Circling, Circling

Like a dog circling her bed, that's me today, circling my novel. I still don't have a first chapter I like, and you know how much I need that first chapter to read just-right, in order to feel as if I'm grounded and able to move forward.

I *am* in fighter mode, though, I can feel it -- when I hunker in with a book, I eat well, sleep well, work well... well... I work, anyway... even if it doesn't feel like it's going well.

I made a concoction of several different kinds of grains early this morning (see this recipe at 101 Cookbooks for the inspiration) -- half-handfuls of brown rice, millet, bulgar, buckwheat and barley in boiling water for 30 minutes -- and made that my hot breakfast at 6am, dressing it with half a banana and some dried cranberries -- I forgot to add some yogurt on top, which would have been grand, but that's okay, I got a good, carb-heavy start to the day and sat in my green chaise with my laptop, opened my novel file (which right now reads "rope sept. 26") and stared at it. [note to self: run-on sentence.]

I was ready for my one-month countdown to the finish, and today would begin a swooping, soaring run for a complete draft, when...

...suddenly, I had nothing to contribute. I began reading from page one, and I had no idea what Franny wanted, I didn't understand my plot, and I panicked. Heart palpitations. Have I entirely screwed up this book? What have I done? What have I NOT done? Surely this is just jitters. Get up, Deb. Get a grip.


So I got up. I don't believe in writer's block. Do I?

I decided to make a vegetarian chili for lunch. A diversion tactic if ever there was one. I took Richard to work. I took a detour on the way home and bought pumpkins. Made a stop at the grocery store. Came home and finished the chili, made cornbread. Jim (home from his Sunday gig) made a salad. We ate in Irene and I told him I was desperate about the novel, and didn't have a clue about the plot anymore, didn't really know what Franny wanted anymore, and what was I going to do?
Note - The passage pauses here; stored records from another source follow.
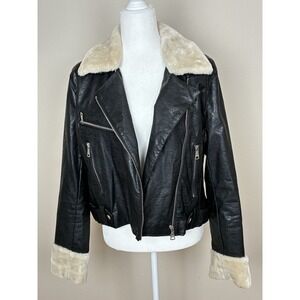 Vigoss Cropped Bomber Style Jacket with Faux Fur Trim Women's Size Large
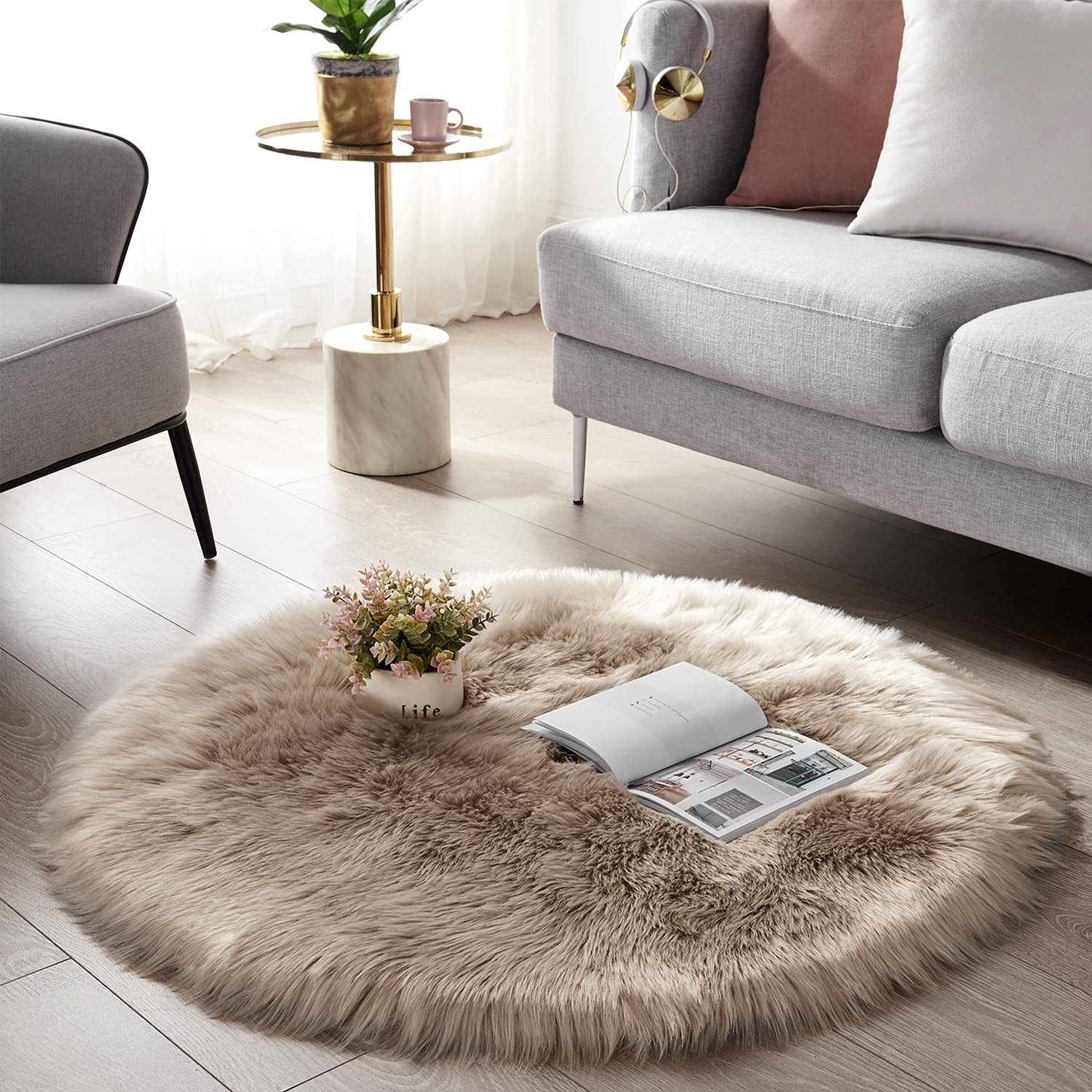 Serissa Soft Round Faux Sheepskin Fur Area Rug Beige Circle Fluffy Rugs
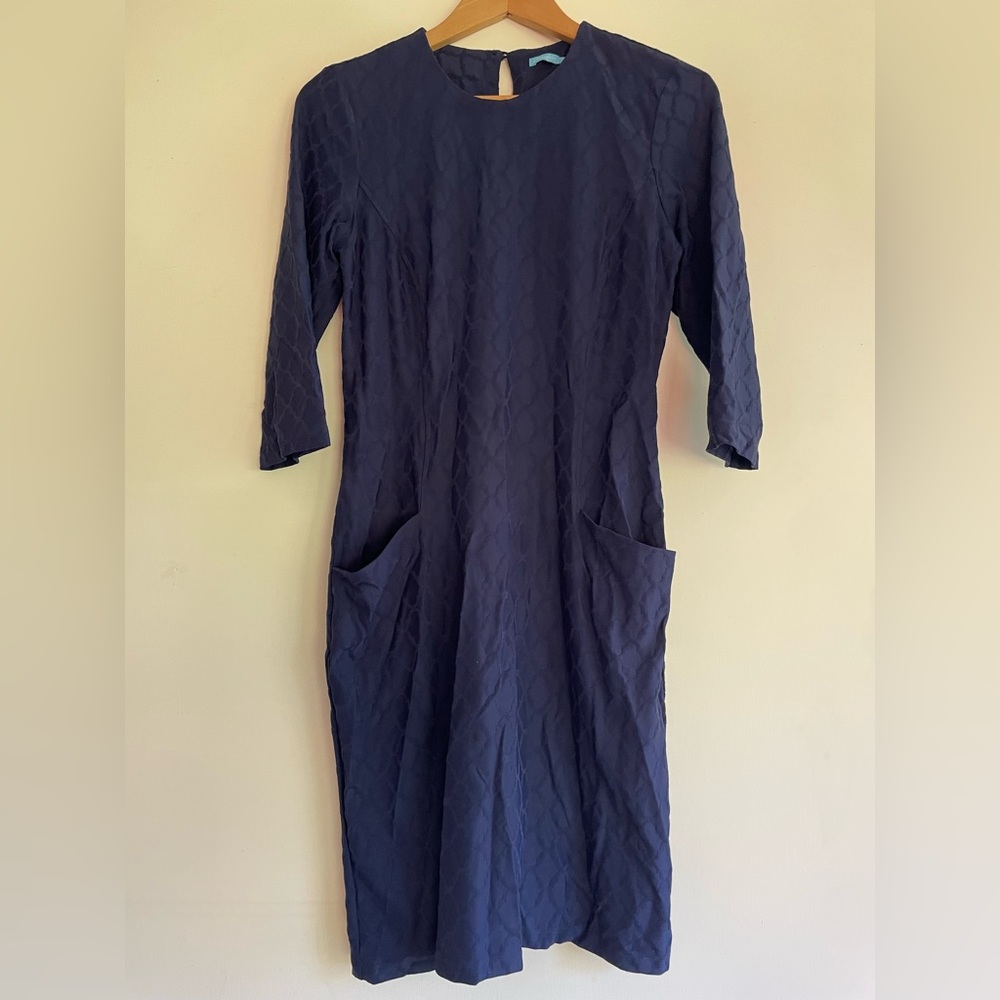 J.McLaughlin Navy Midi dress with pockets size small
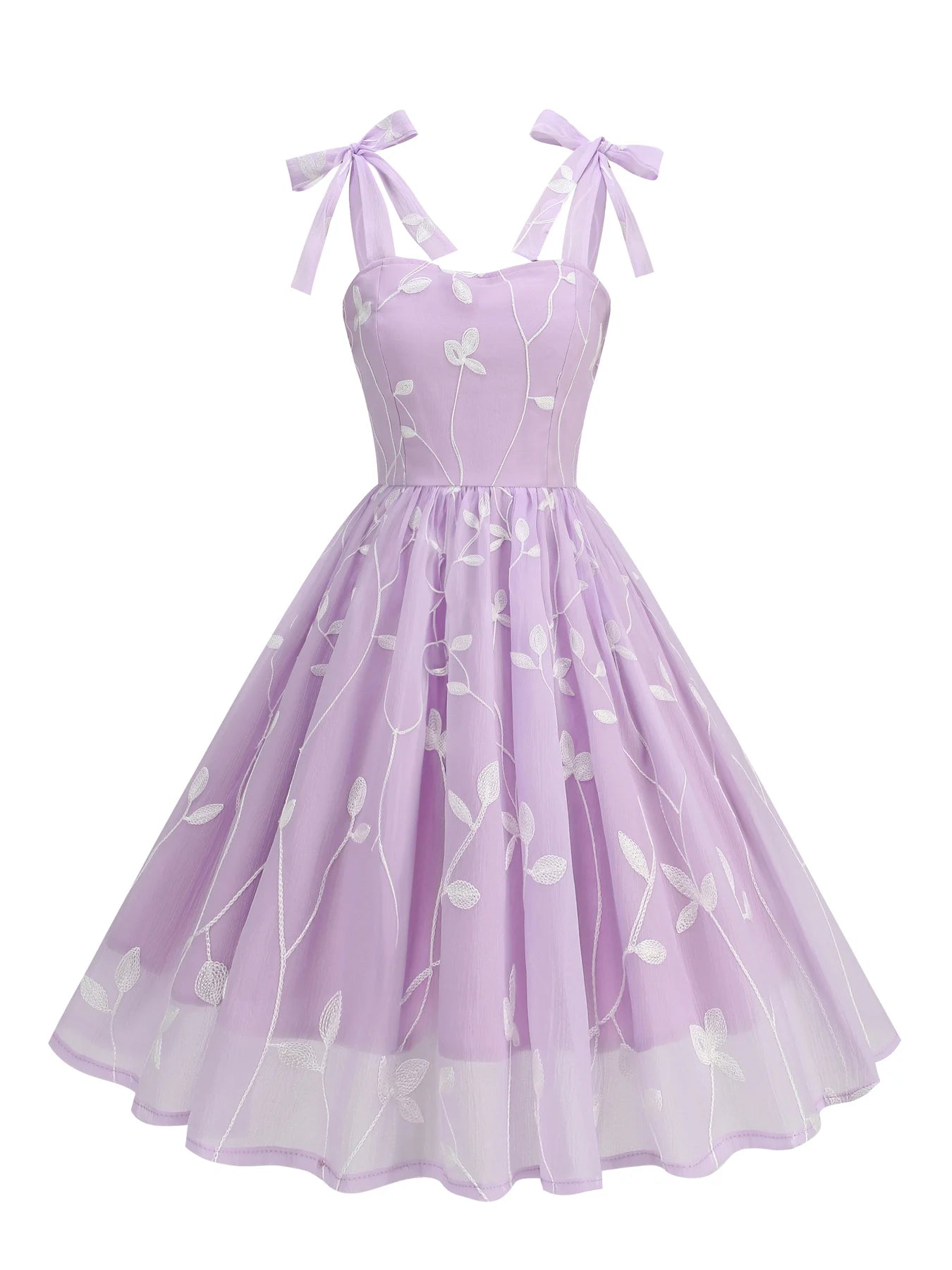 Embroidered Tie Strap Tulle Dress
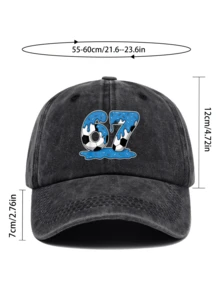 1顶复古足球67印花棒球帽，舒适透气的涤纶材质，尺寸可调节，卡车司机遮阳帽，男女皆宜的独特时尚配饰，适合户外徒步、旅行、高尔夫、海滩派对、钓鱼等场合，是生日、母亲节、父亲节、独立日的理想礼物。 - A - 查看 2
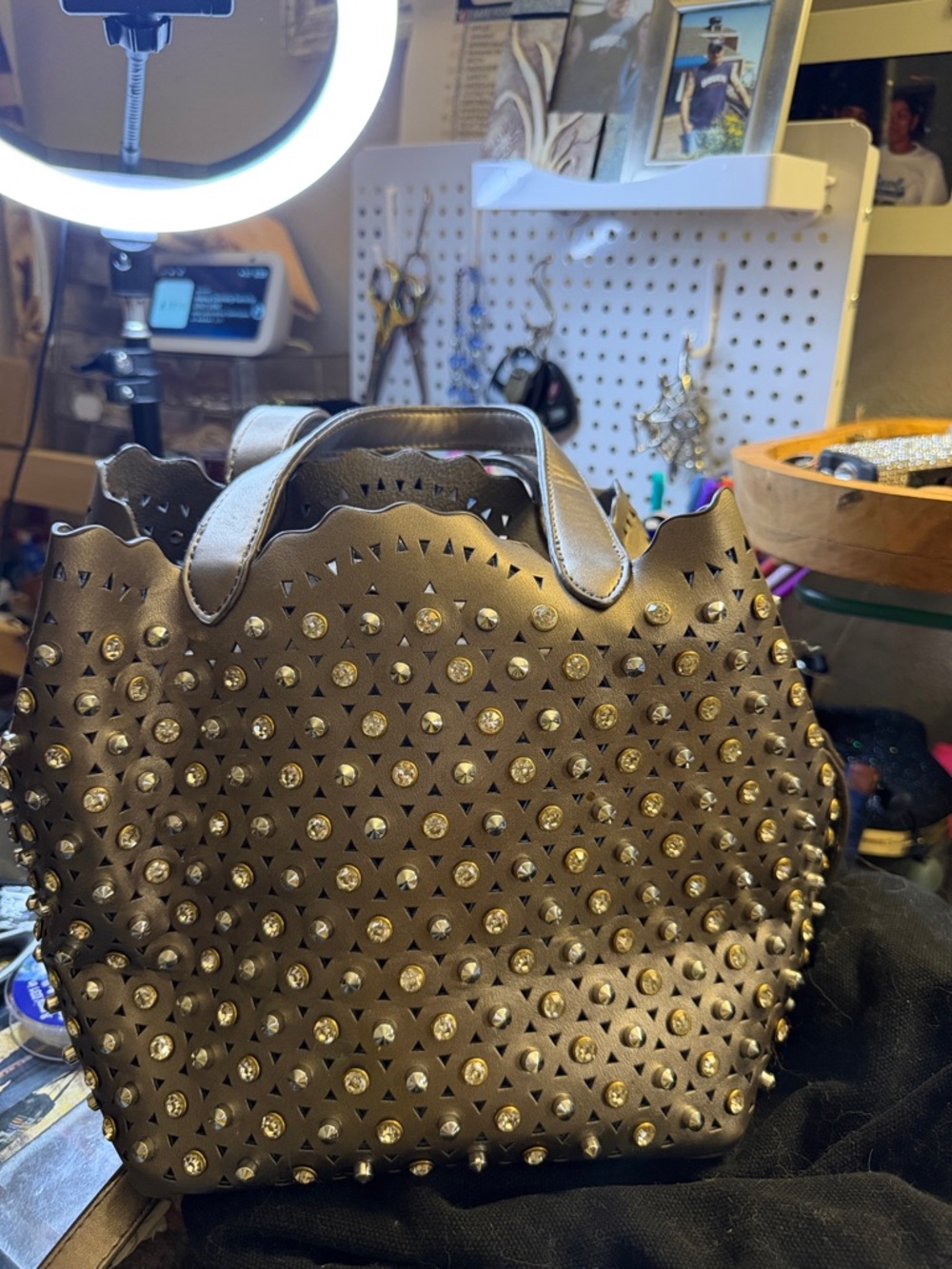 Studded Women's Tote Bag - Gold Accents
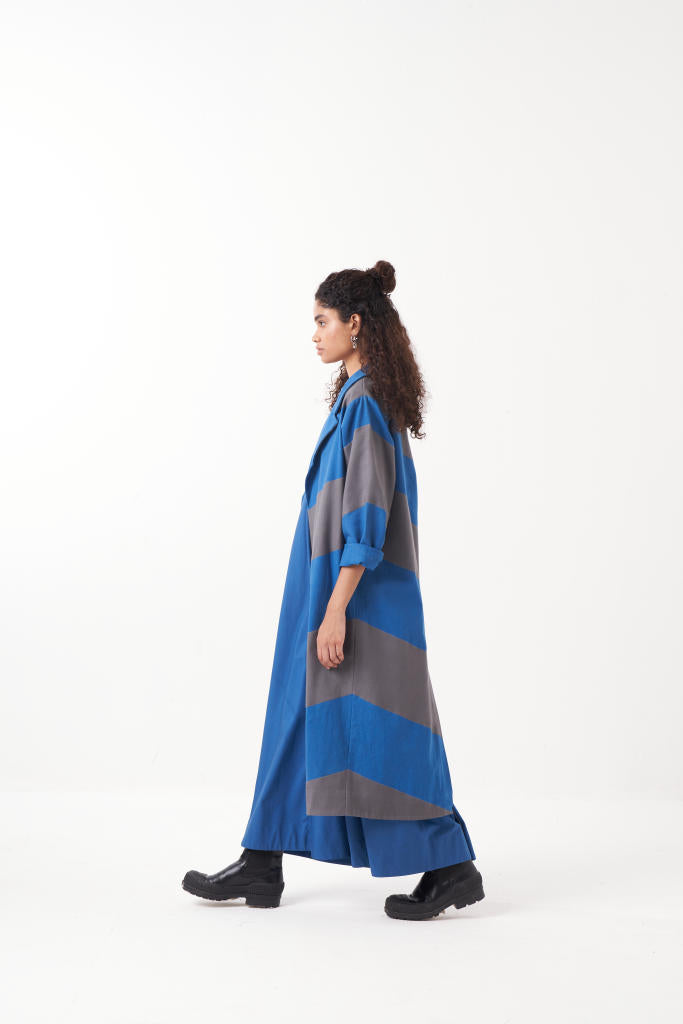 SQUARE ARMHOLE DRESS-ELECTRIC BLUE poplin by THREE in blue color for women in Singapore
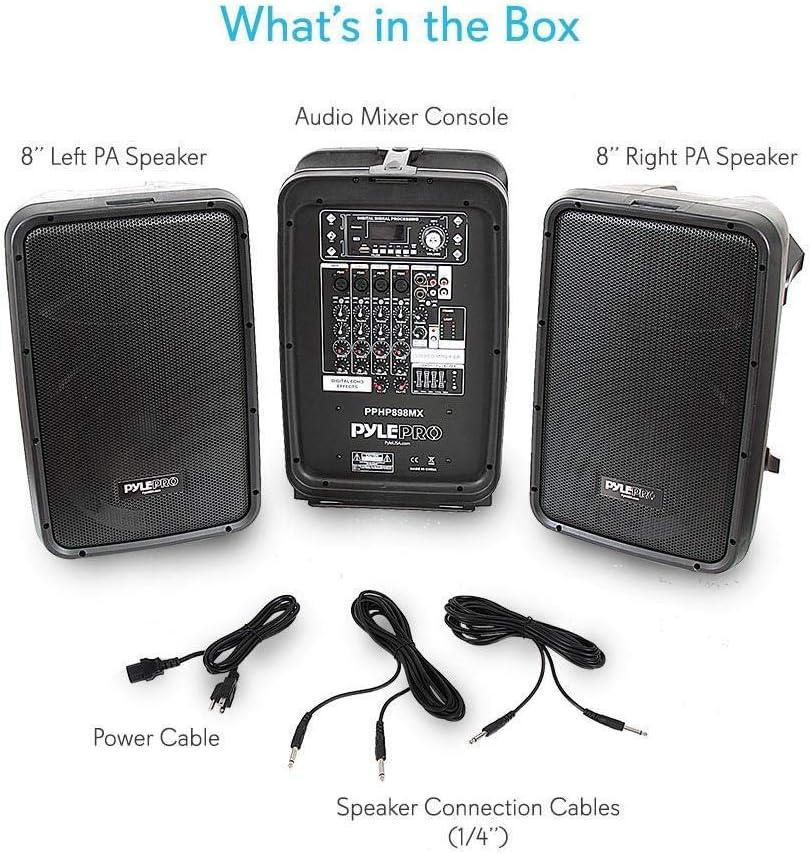Pyle PPHP898MX 600 Watt 8-Channel Portable Bluetooth Wireless PA Speaker Amplifier Kit & Channel Microphone System-VHF Fixed Dual Frequency Wireless Set with 2 Handheld Dynamic Transmitter Mics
Jim reminded me that I had used THE WRITER'S JOURNEY when I plotted RUBY. Yessirree, I had. I also used a Writer's Digest book called PLOT by Ansen Dibell. (This is actually a great book, those of you who want to know just what plot IS... I have this version. I wandered around from stranger to stranger (I had exhausted my friends' patience) in the five years I was writing LOVE, RUBY LAVENDER, and plaintively asked each person I met, "What is plot, please?" until I stumbled upon this book, but this is a story for another time. I include this book in my personal canon of books that helped me understand Story.)

I knew just where those books were, and I grabbed them off the shelf. I have spent this afternoon reminding myself that I do know what plot means, that I do know how to plot a novel, that I do have rich material on hand, right here in front of me, that I CAN do this complex thing and write a novel, and that I am just having a crisis of confidence right now. Right? RIGHT?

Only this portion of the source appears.